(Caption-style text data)

· · · ·

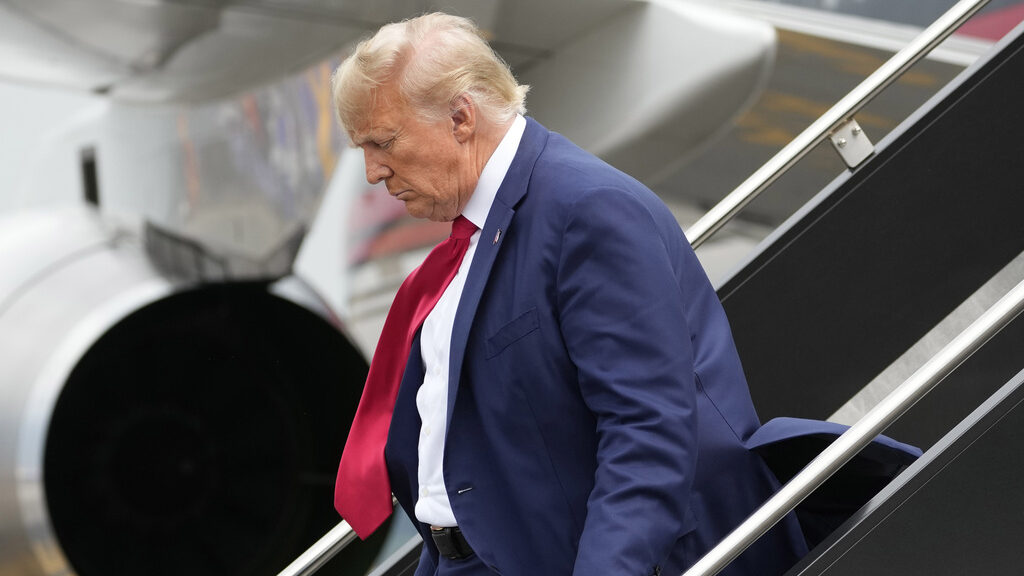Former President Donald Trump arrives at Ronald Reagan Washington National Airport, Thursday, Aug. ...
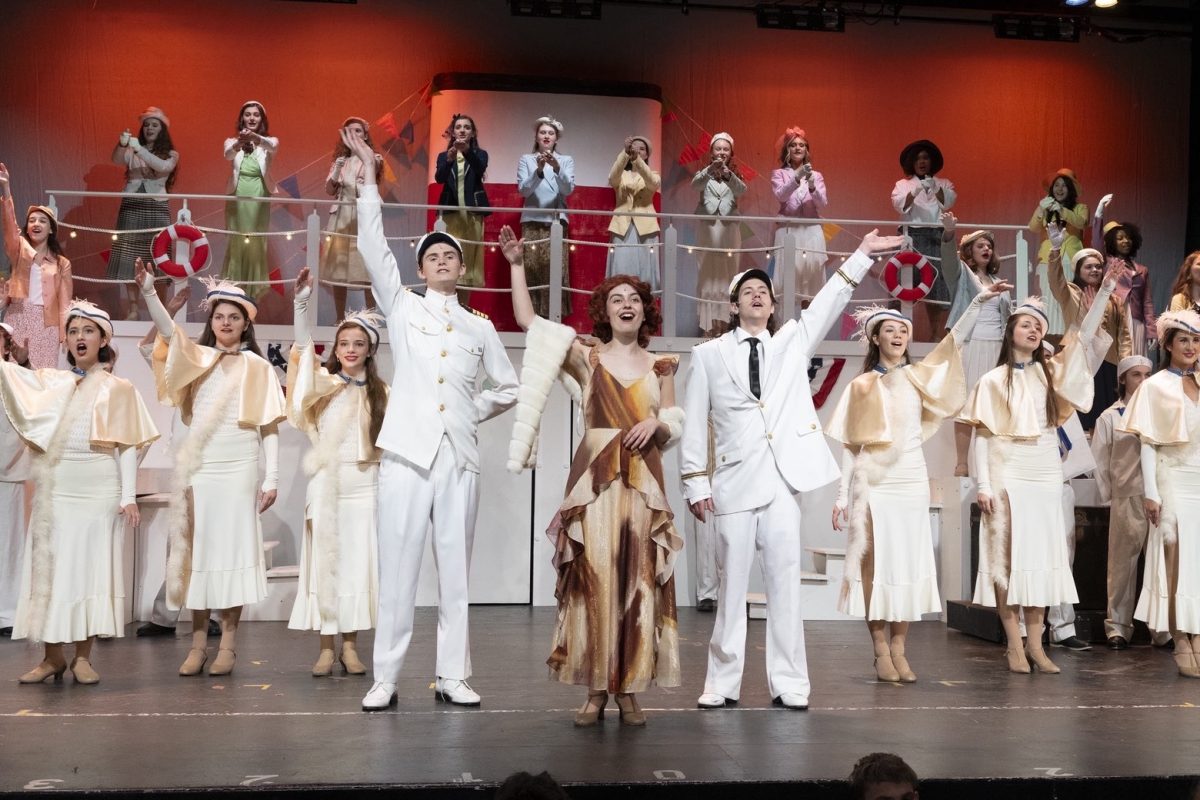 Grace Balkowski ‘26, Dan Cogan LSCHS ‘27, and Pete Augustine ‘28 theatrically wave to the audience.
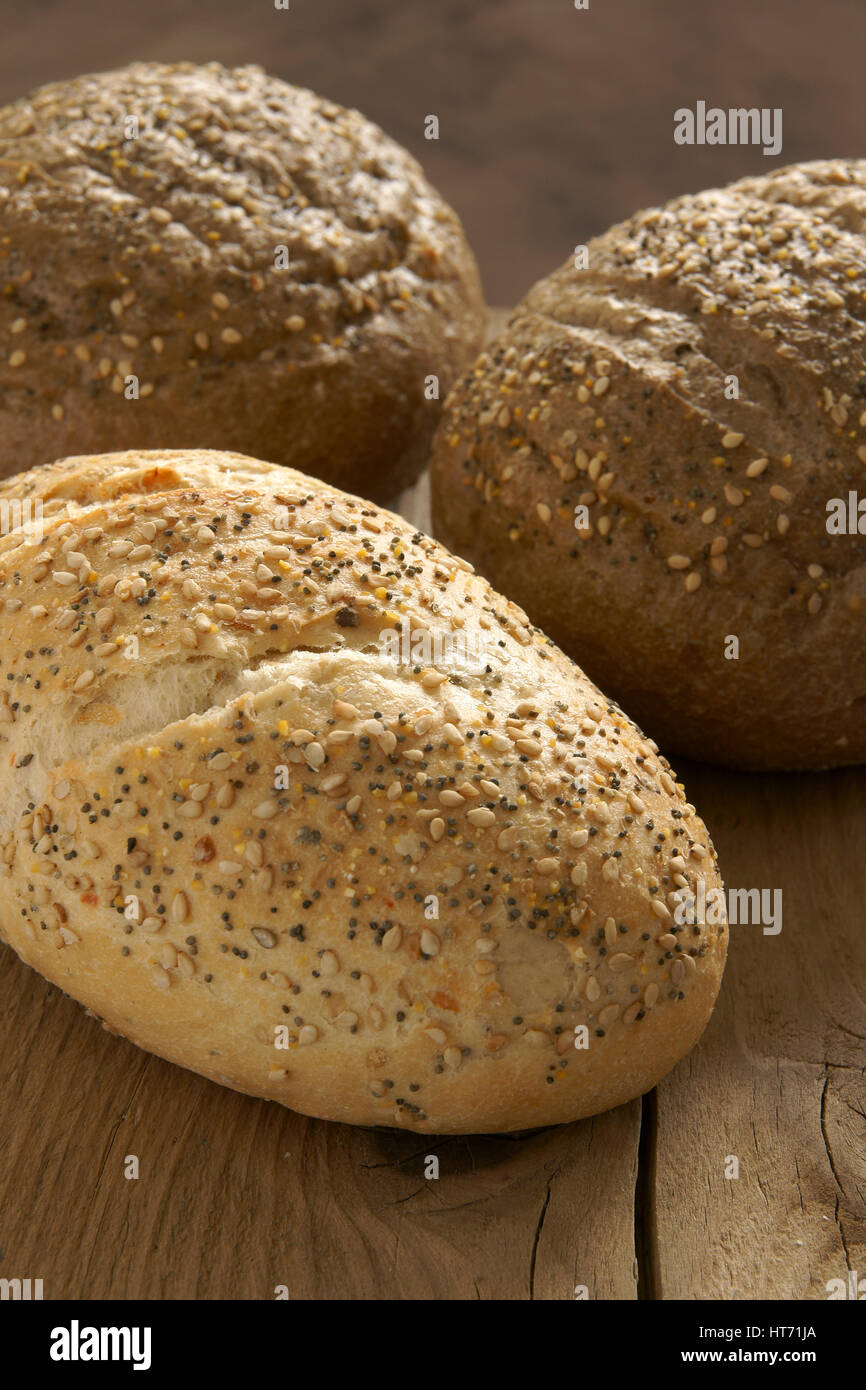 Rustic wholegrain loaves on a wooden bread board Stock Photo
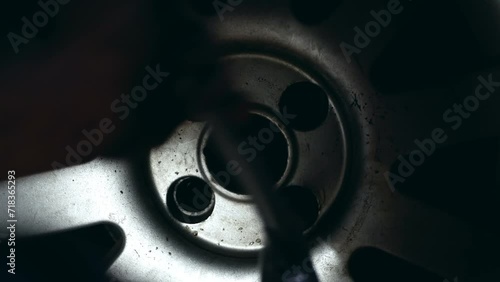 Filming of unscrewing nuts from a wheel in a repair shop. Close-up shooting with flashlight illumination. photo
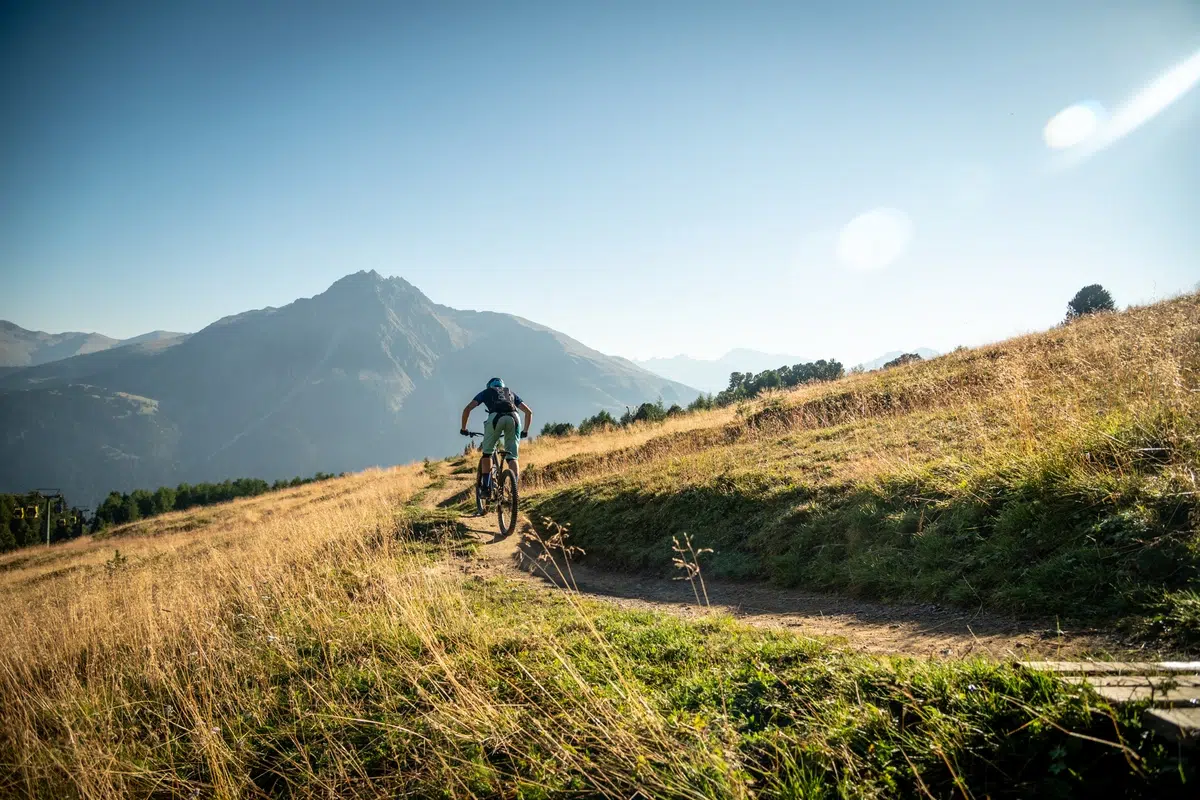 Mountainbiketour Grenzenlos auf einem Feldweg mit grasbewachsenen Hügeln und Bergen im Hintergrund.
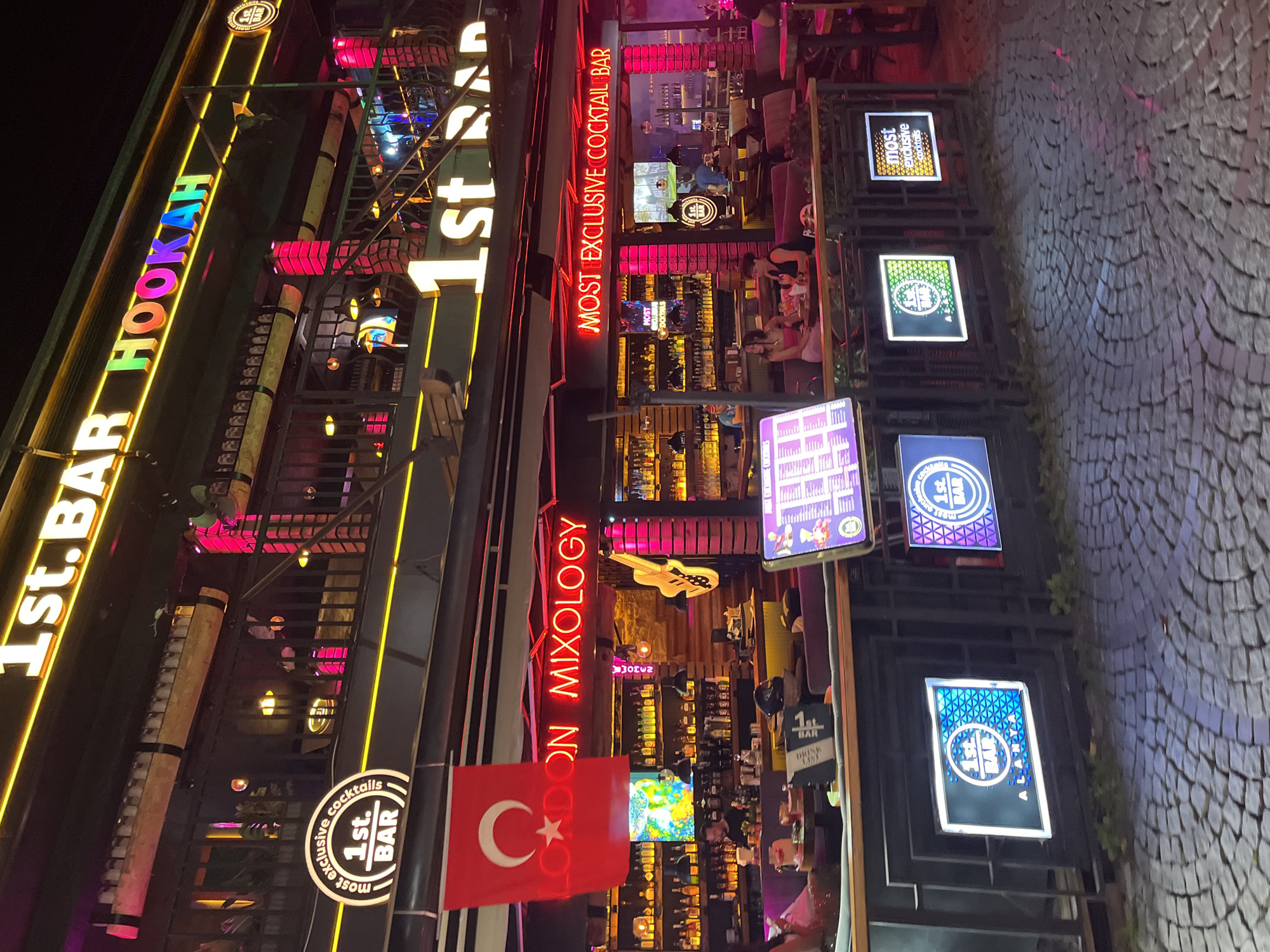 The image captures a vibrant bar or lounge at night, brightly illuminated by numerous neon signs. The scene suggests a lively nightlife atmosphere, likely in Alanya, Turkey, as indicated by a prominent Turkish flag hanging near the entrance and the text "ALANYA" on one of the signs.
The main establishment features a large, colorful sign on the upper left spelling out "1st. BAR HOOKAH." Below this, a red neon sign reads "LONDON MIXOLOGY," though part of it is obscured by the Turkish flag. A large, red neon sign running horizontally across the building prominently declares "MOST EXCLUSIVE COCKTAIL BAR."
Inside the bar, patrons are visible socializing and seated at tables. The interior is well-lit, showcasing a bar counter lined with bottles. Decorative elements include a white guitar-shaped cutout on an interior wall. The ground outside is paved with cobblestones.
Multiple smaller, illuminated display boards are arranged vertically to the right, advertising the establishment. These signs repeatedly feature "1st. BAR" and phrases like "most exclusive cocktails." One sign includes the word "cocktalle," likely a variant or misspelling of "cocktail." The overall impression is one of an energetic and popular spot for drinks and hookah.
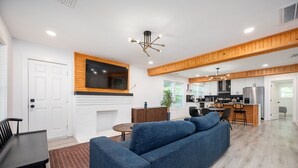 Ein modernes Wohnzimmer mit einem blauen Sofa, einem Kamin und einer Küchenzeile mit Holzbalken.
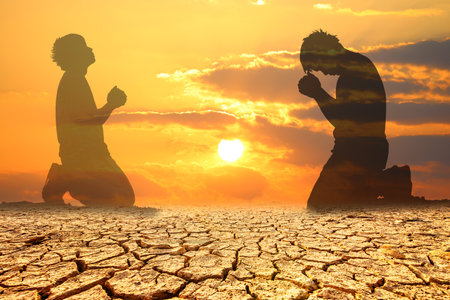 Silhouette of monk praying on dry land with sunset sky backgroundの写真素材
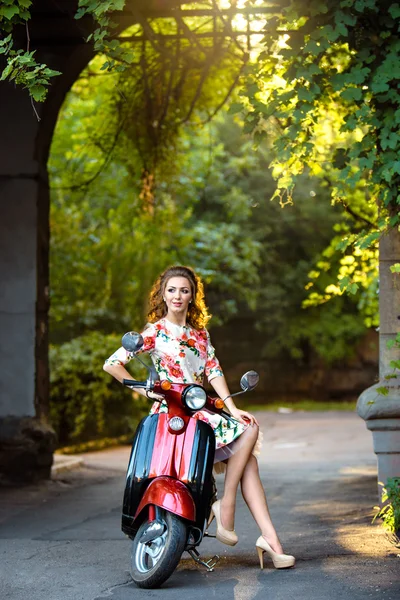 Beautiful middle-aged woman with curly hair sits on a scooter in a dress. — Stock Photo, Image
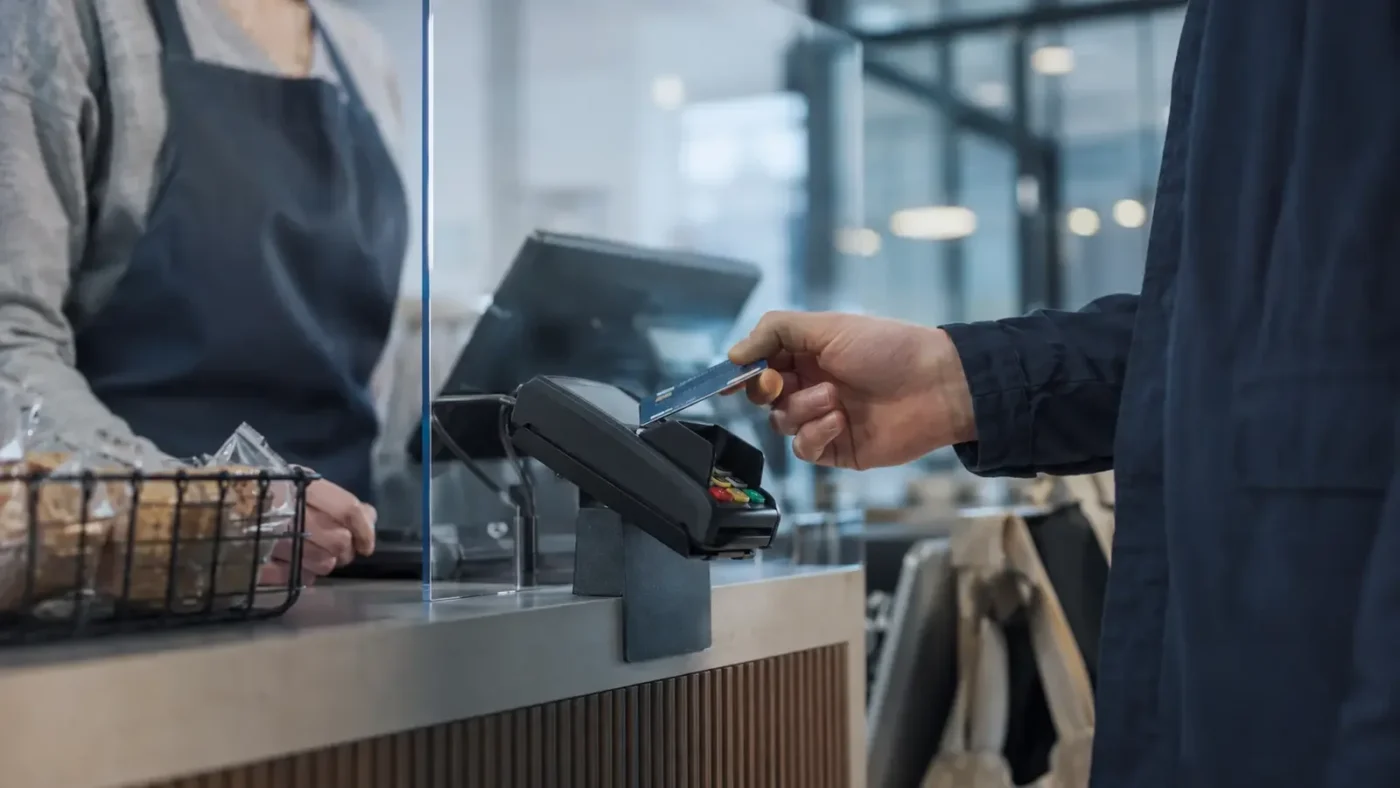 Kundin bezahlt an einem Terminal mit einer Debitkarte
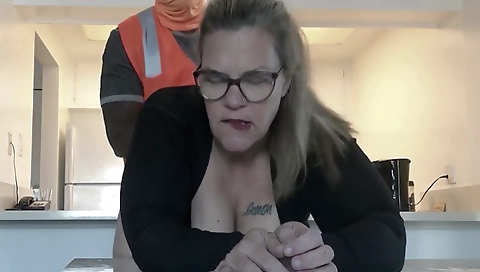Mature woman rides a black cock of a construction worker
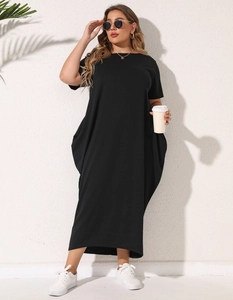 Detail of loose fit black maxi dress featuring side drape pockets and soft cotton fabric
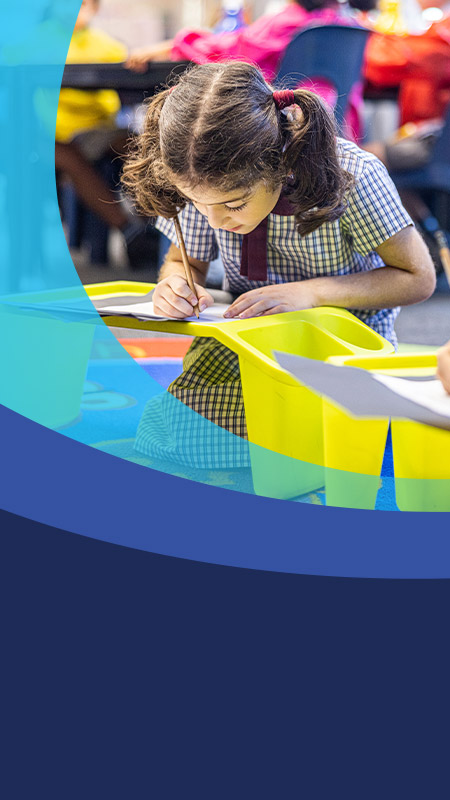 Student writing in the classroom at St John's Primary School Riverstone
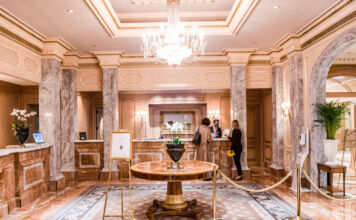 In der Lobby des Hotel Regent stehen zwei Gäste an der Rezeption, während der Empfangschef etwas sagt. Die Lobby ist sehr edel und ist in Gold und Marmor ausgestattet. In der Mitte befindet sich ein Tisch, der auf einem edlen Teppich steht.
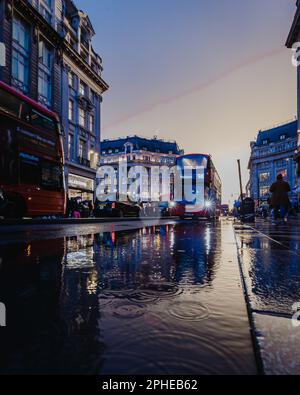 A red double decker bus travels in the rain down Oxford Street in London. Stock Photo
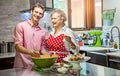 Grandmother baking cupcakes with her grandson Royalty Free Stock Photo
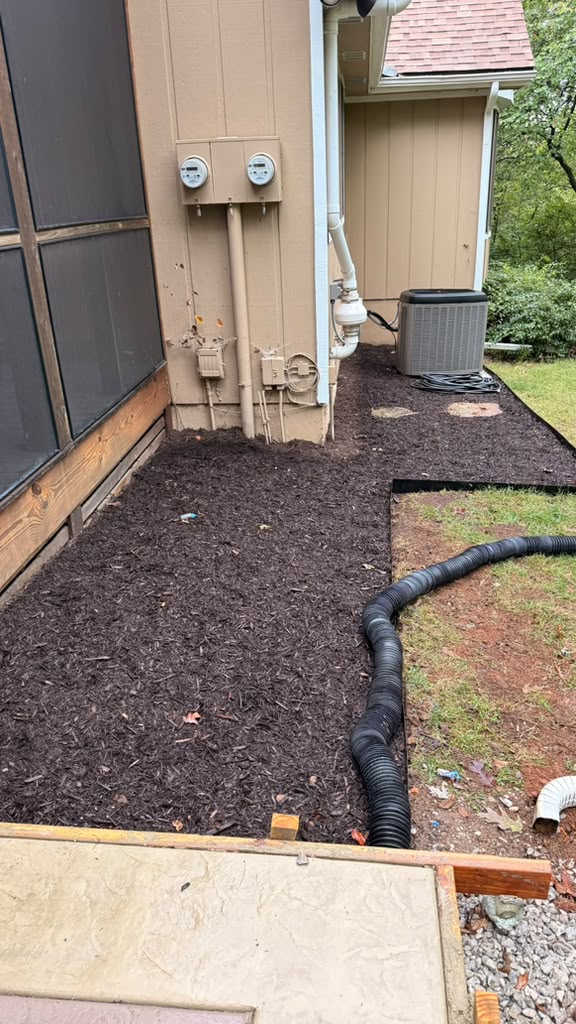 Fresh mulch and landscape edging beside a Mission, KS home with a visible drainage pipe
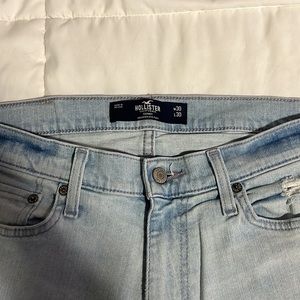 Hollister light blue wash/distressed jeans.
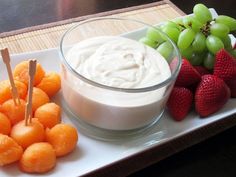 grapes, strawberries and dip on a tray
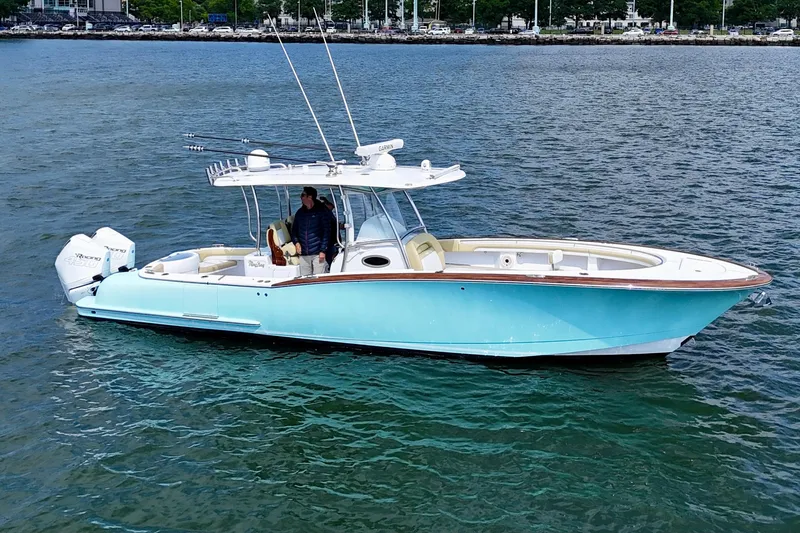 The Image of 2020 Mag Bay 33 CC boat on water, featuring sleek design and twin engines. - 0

· · · ·

Directions
Filter the entries above down to the lines containing the word "establishment".

Completed exercise
The main establishment features a large, colorful sign on the upper left spelling out "1st. BAR HOOKAH." Below this, a red neon sign reads "LONDON MIXOLOGY," though part of it is obscured by the Turkish flag. A large, red neon sign running horizontally across the building prominently declares "MOST EXCLUSIVE COCKTAIL BAR."
Multiple smaller, illuminated display boards are arranged vertically to the right, advertising the establishment. These signs repeatedly feature "1st. BAR" and phrases like "most exclusive cocktails." One sign includes the word "cocktalle," likely a variant or misspelling of "cocktail." The overall impression is one of an energetic and popular spot for drinks and hookah.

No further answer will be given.